WHAT TO WORK ON:
From the first line of the records below, transcribe each line exactly up to and including the one with "地鐵工作人員為市民提供打包袋。成都軌道集團(tuán)供圖"; pictures stay out.

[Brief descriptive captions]
————————

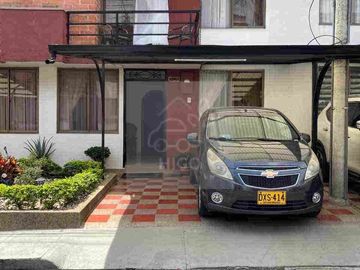Vendo Espectacular Casa En Unidad Cerrada . Dosquebradas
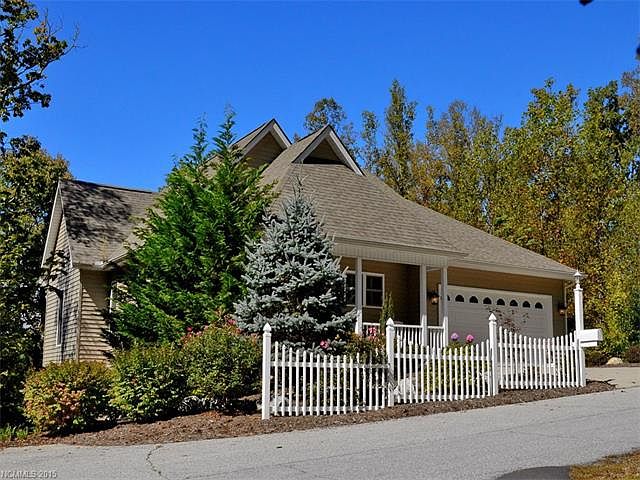 1st image of 284 Carriage Summitt Way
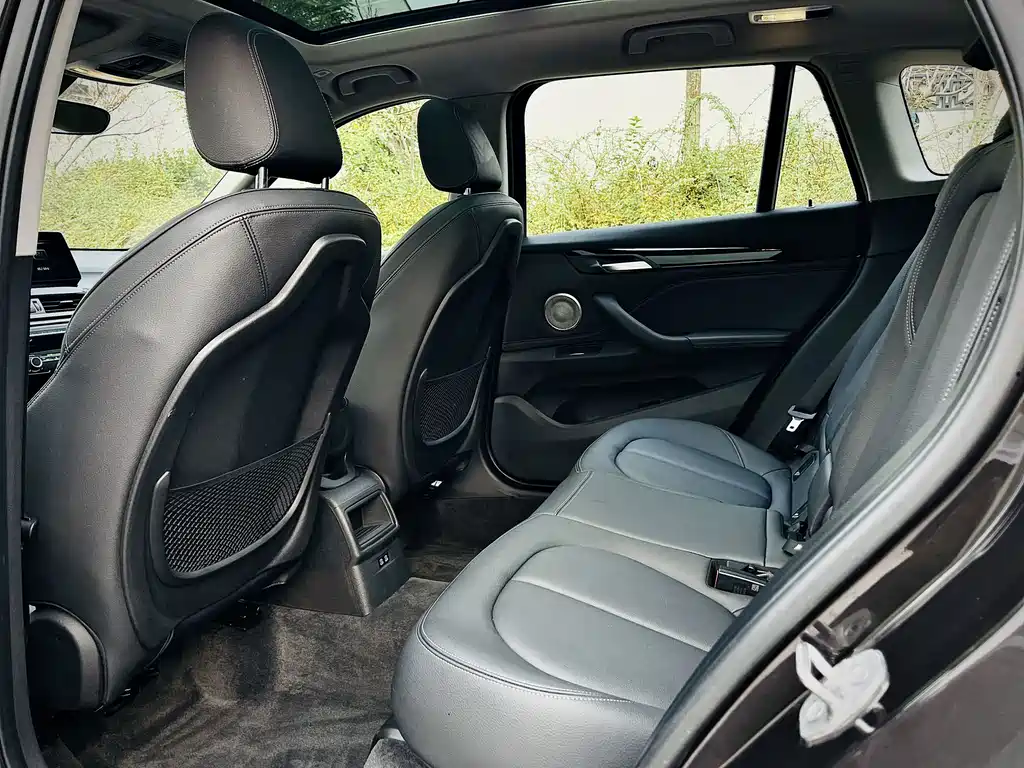 BMW X1 — миниатюра 15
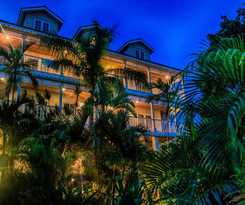 Hotel A Stone's Throw Away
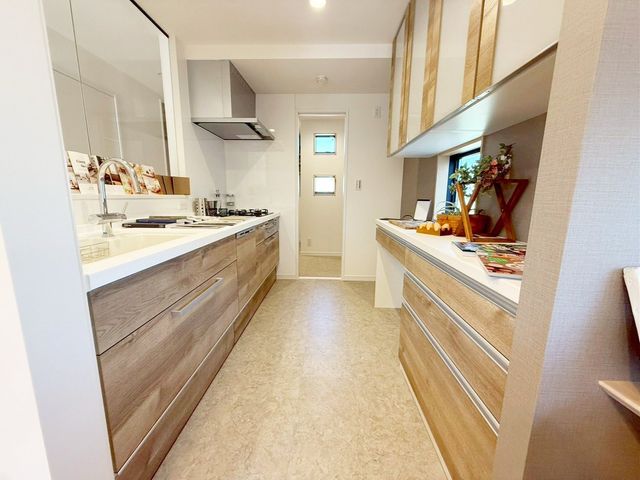 �L�b�`�� �J���I�ȃL�b�`���́A���r���O�S�̂����n������S���̂���݌v�I���������Ƒ��Ƃ̃R�~���j�P�[�V�������Ƃ�āA�����Ȃ��q�l�̂��邲�ƒ�ɂ����ꂵ���|�C���g��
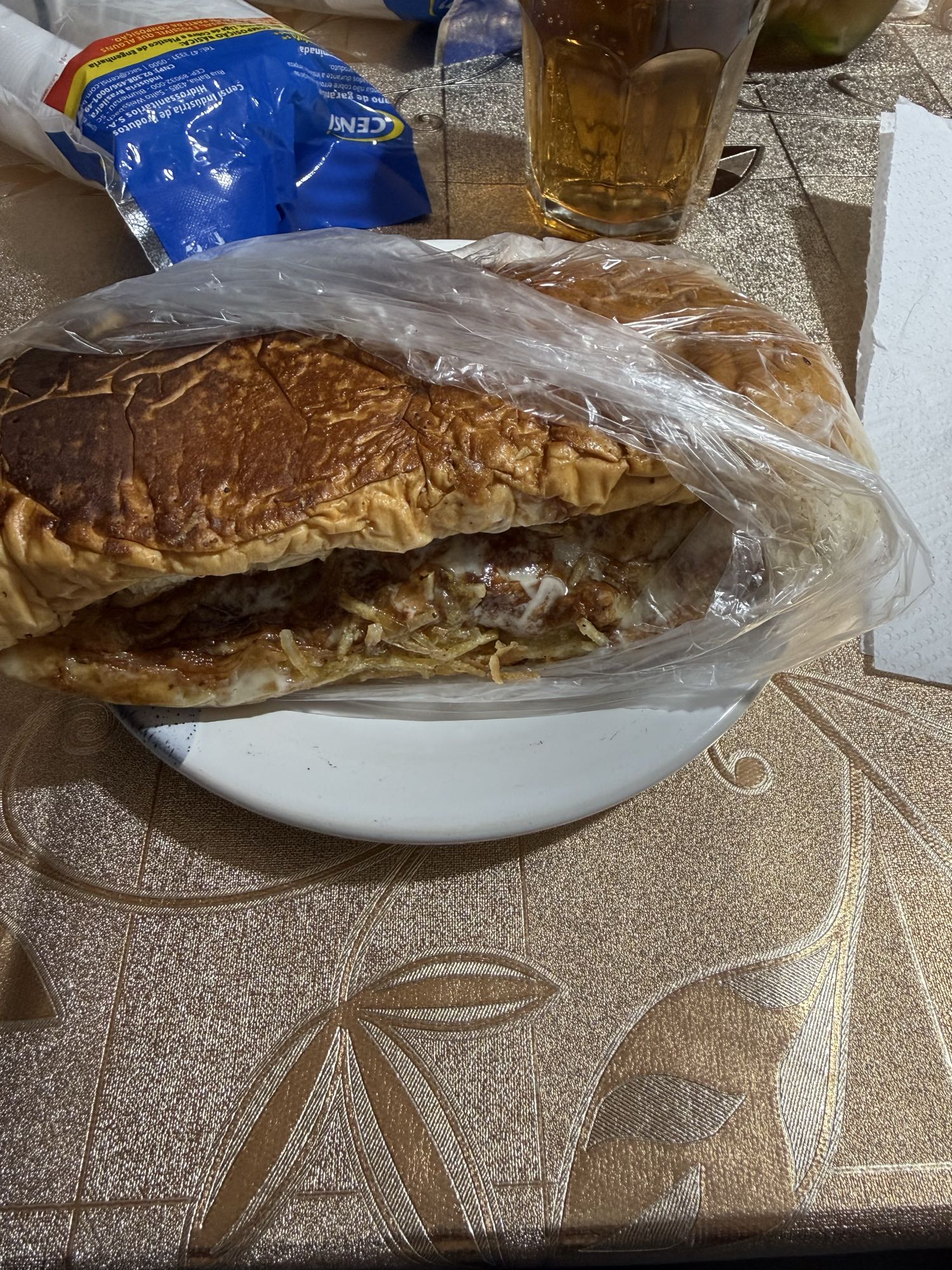 Sanduíche de carne e batata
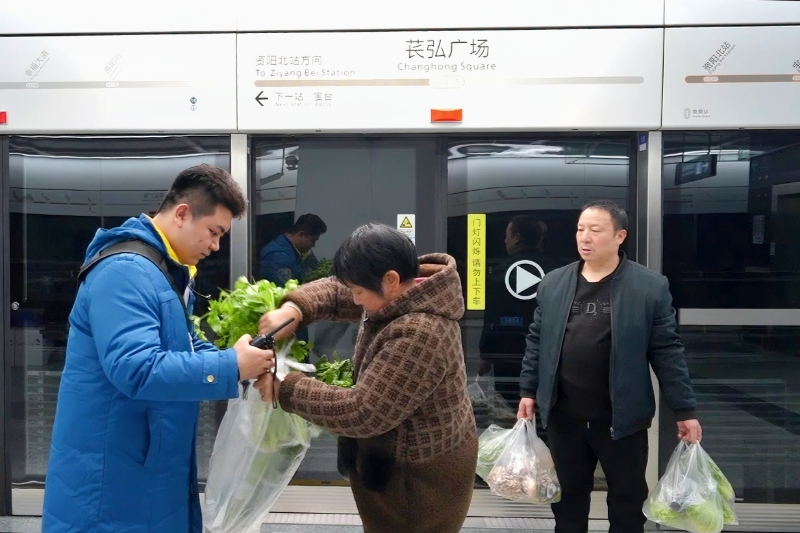 地鐵工作人員為市民提供打包袋。成都軌道集團(tuán)供圖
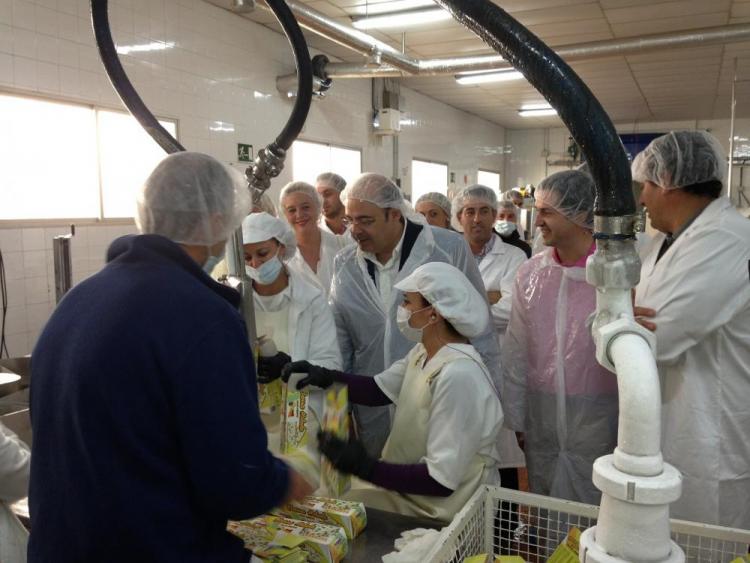 Sebastián Pérez durante su visita a la fábrica.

————————

EXERCISE ANSWER:
Vendo Espectacular Casa En Unidad Cerrada . Dosquebradas
 1st image of 284 Carriage Summitt Way
 BMW X1 — миниатюра 15
 Hotel A Stone's Throw Away
 �L�b�`�� �J���I�ȃL�b�`���́A���r���O�S�̂����n������S���̂���݌v�I���������Ƒ��Ƃ̃R�~���j�P�[�V�������Ƃ�āA�����Ȃ��q�l�̂��邲�ƒ�ɂ����ꂵ���|�C���g��
 Sanduíche de carne e batata
 地鐵工作人員為市民提供打包袋。成都軌道集團(tuán)供圖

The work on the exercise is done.